Tuesday, November 9, 2010

Unspeakable Things

My wife’s family plays a game that I call “One More Terrible Thing.” It’s not really a game at all, but when the family gets together, talk will inevitably turn to some horrible news story that one of them read or heard about, and then that will remind Cousin Jane about some other tragedy that she now has to talk about, and that will remind Uncle Bob about a horrible thing that he has to tell everyone; and it all goes on in a tragic version of “Can You Top This?”

When the game starts, I leave the room. The tragedies I know about, I prefer to keep to myself; and I don’t want to add any new ones to anyone’s collection.
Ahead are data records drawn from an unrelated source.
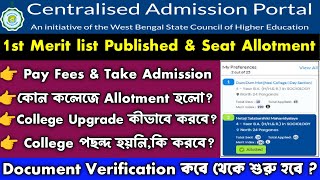 How to check college merit list 2024  WB college admisson fees payment 2024 [upl. by Dwaine]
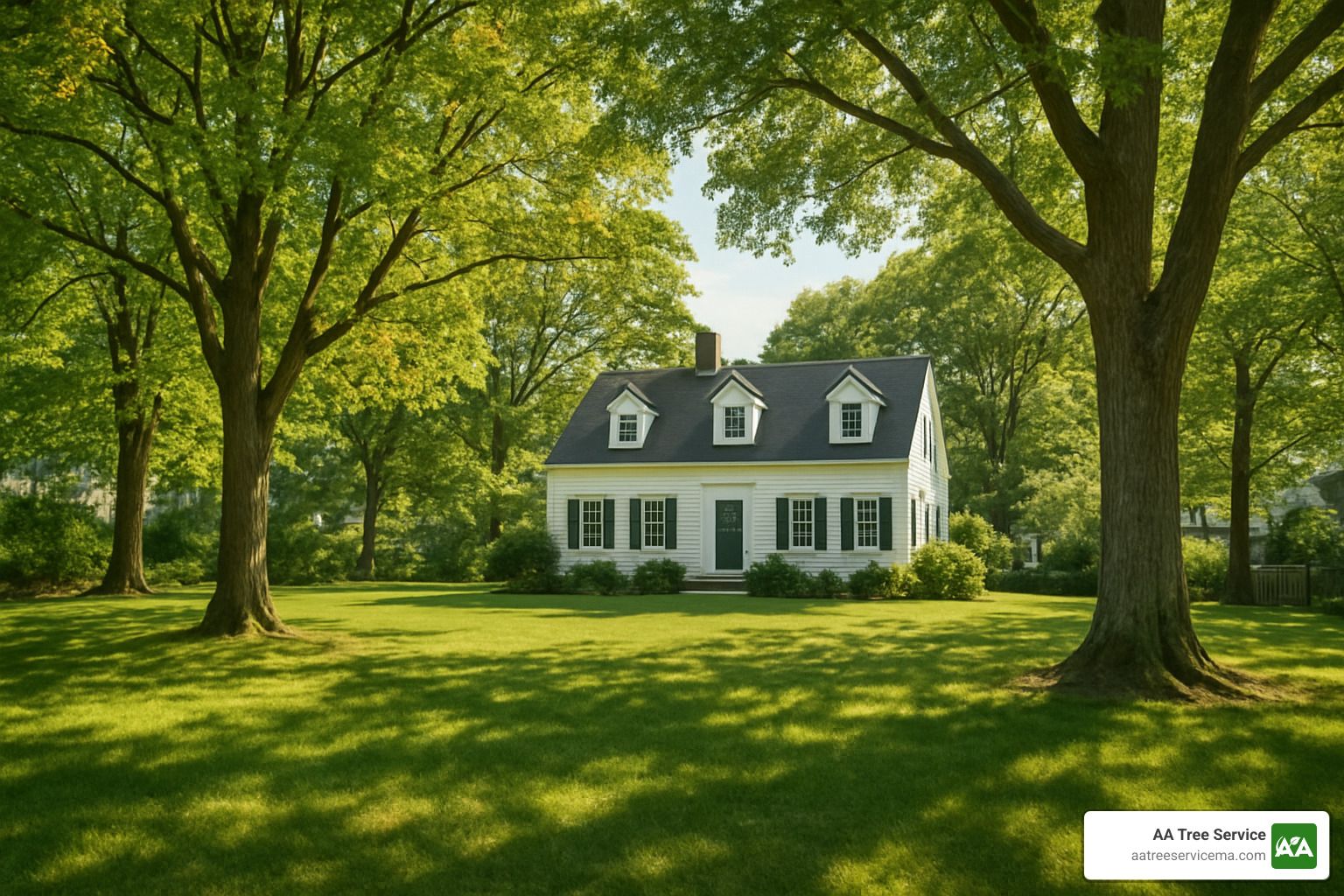 New England yard with mature trees - Tree removal cost estimate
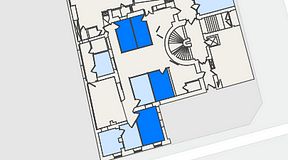 
							Planritning för Entreprenörsgatan Östra Hamngatan, 4 privata rum, 46 m²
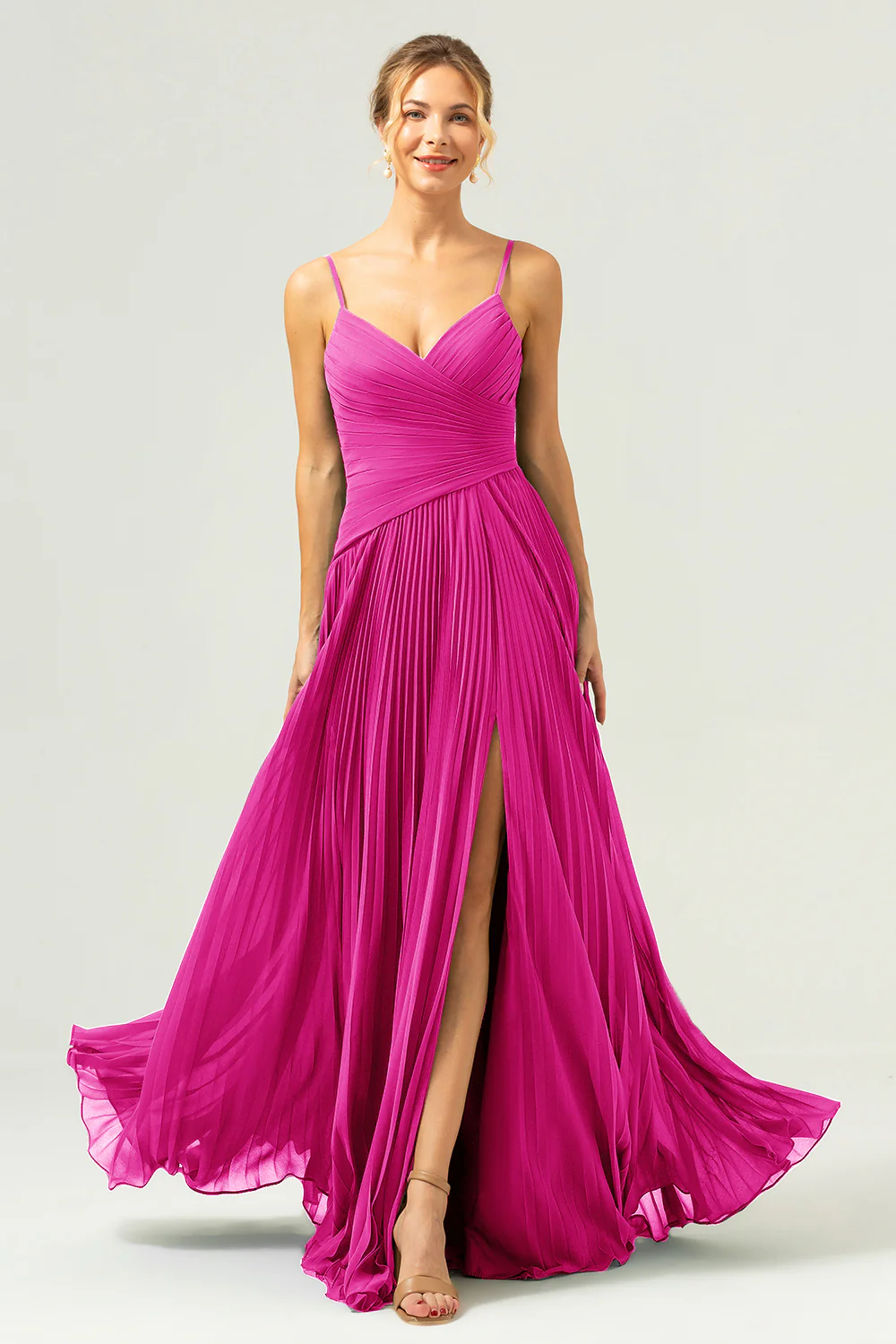 A-ligne spaghetti bretelles plissé mousseline de soie Lilas robe de demoiselle d’honneur avec fente - Image 11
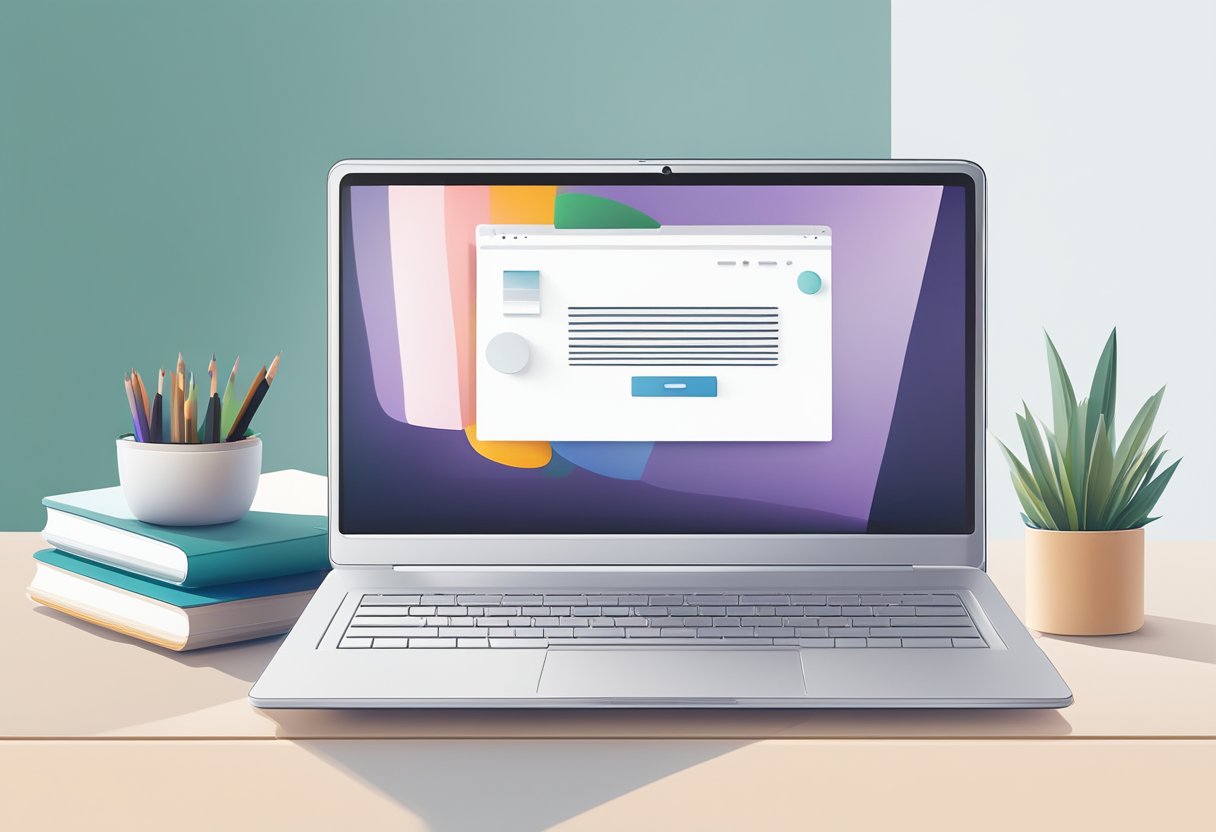 A laptop with a sleek, modern design sits on a clean, minimalistic desk. The website is displayed on the screen, showcasing a user-friendly interface with intuitive navigation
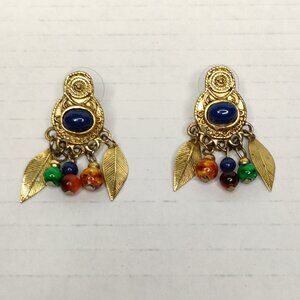 Gently Worn Earrings with Glass Beads and Feather Accents -Gold Tone Base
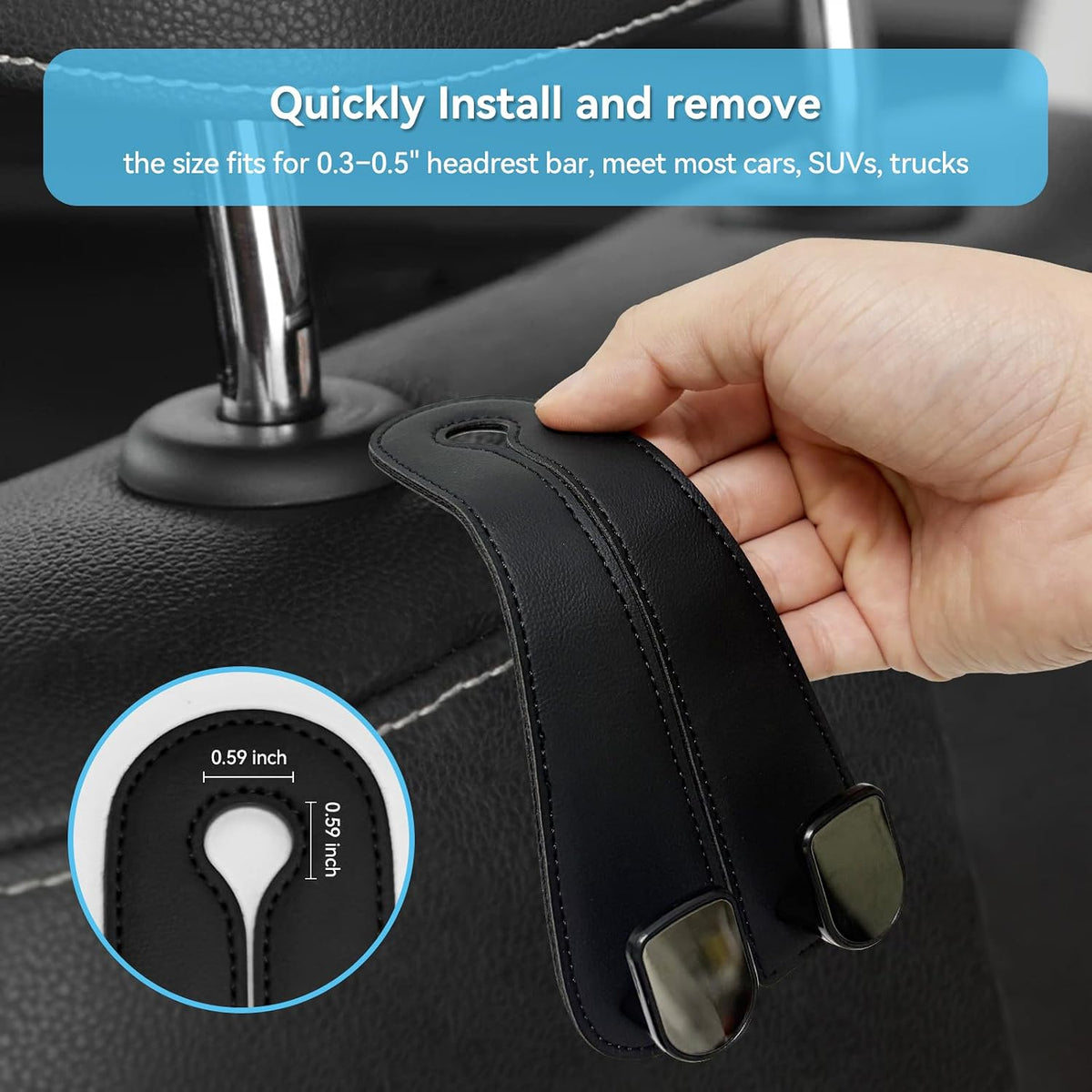 USSDE Car Seat Hooks Vehicle Headrest Back Storage Organizer 2 Pack for Purses Bags backpacks Groceries Hanger Holder - Universal Sturdy Holds 55lbs 360° Rotating (Style C/Black)
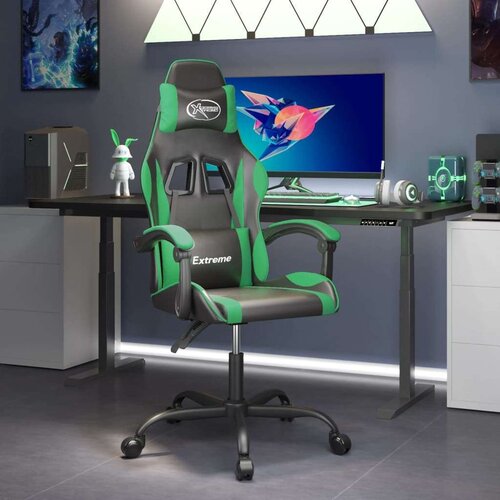  Gaming stol črno in zeleno umetno usnje, (20701093) Cene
Why? Have you ever heard the old saying that if I have a good idea and I tell it to you, then we both have a good idea? It means that telling that good idea spreads it. Well, similarly, I believe that the same thing applies to misery; and that spreading a tragic story that you have no real connection to, merely spreads the pain. Why should I tell you about a horrible thing that happened to a friend of mine in Minnesota, just to “make conversation?” Why should I add her misery to what you already have on your plate, and then have you spread it later on to some other totally unrelated person.

Maybe I’m just too sensitive a person, but I really believe in spreading no more misery than is absolutely necessary.

Which brings us to the workshop.

A while ago I was at a workshop in which the speaker asked one of the attendees to read few passages to the audience from a book that described in gruesome detail some of the unspeakably horrible things that are being done by both sides to women in the Congo in the midst of war.

As I sat there listening to a game of “one more terrible thing” that would make my wife’s family sound like pathetic amateurs, I wondered just how much of this detail was necessary for us to hear in order for the speaker to make her point, and spur us to want to change the situation. At what point did it become overkill, making some of us think, “Just kill them all and let God sort them out,” or even to question God’s existence in the first place? And not to try to make our discomfort seem at all equal to the very real pain of the people we were being told about, did giving us all of the gory details simply end up spreading the misery further?

You will notice that I mentioned “unspeakably horrible things” that were being done. I didn’t give you the details, because to my mind, just that phrase should be enough to make you wince at what the possibilities could be, without putting actual images in your head that can never be erased.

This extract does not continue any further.